# Designing a Cage - need advice!



## Elisa (Sep 23, 2010)

I found 2 new 28" x 36" vinyl windows on craigslist and decided to buy them for my Tegu's cage. I am now in the process of designing her cage. (I won't get her till next summer) My husband will help me build it when he gets back from Afghanistan in March.

This is a picture of how I plan on framing the windows for the front of the cage. I'm going to turn the windows sideways. In the picture I just show where the windows will go as the light blue areas. Does it look good on support? Do I need more support? I plan on using 2x4's for the front. 

I'm just going to have plywood for the sides, back and top. Do I need to use 2 x 4's to frame the whole cage or could I use 2 x 2's for the rest of the cage (back & sides)?

I'm still designing and am in no way an expert. Just making stuff up as I go! Any and all help is appreciated!

Thanks!
Elisa


----------



## Toby_H (Sep 23, 2010)

You should be able to frame the entire thing with 2x2's including the front...

The basic design approach you are using will work fine...

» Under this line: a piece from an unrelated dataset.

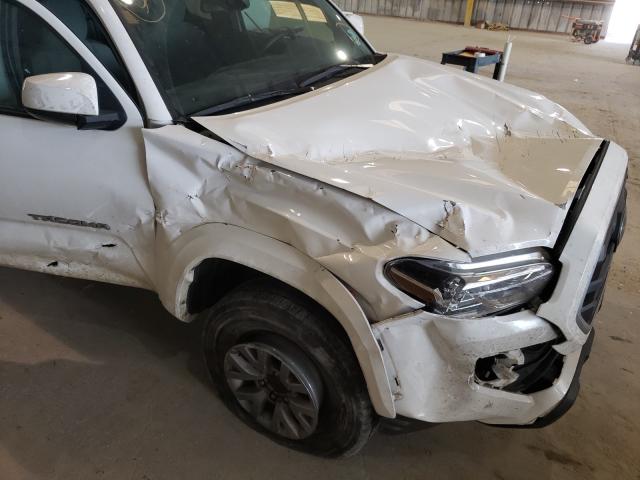 Photo 8 VIN: 5TFSZ5AN2KX174295 - TOYOTA TACOMA ACC 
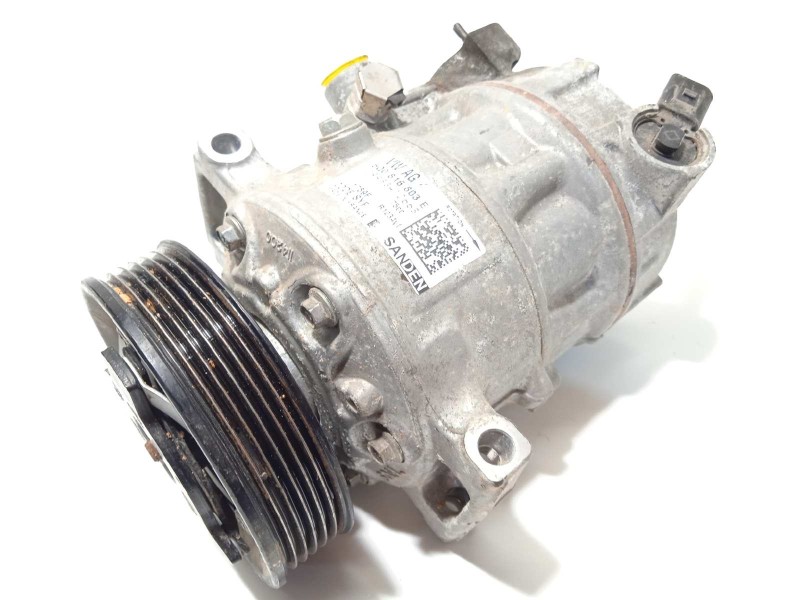 Recambio de compresor aire acondicionado para seat ibiza (6p1) style referencia OEM IAM 5Q0816803E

I built mine of similar design using 2x4's all around and it's designed to hold up to a 240 gal fish tank on top of it (currently holding a 125 gal aquarium but with room to expand)...


----------



## Curtis T (Sep 23, 2010)

You could use 2x2's but for a little bit more money I would use 2x4's it is better to build things stronger and not need the extra strengh than to build it and wish you had Curtis


----------